## Exercise description
For the entries that follow, restate word for word the line containing "Schmoozies® Herz Werbeartikel", the line containing "D2, Bonita Village, apartamento", and every line that lies between them.

## Data for this exercise
******
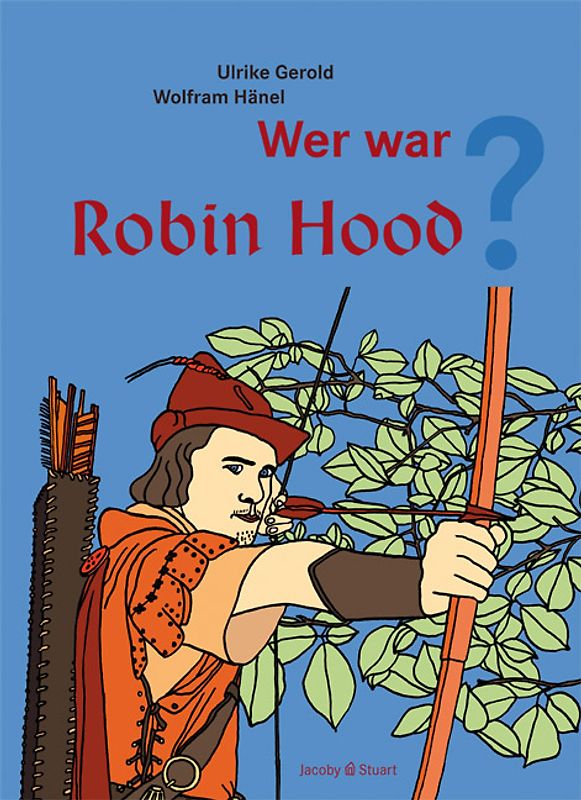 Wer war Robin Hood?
******
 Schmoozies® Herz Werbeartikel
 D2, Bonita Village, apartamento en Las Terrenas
******
## Exercise response
 Schmoozies® Herz Werbeartikel
 D2, Bonita Village, apartamento en Las Terrenas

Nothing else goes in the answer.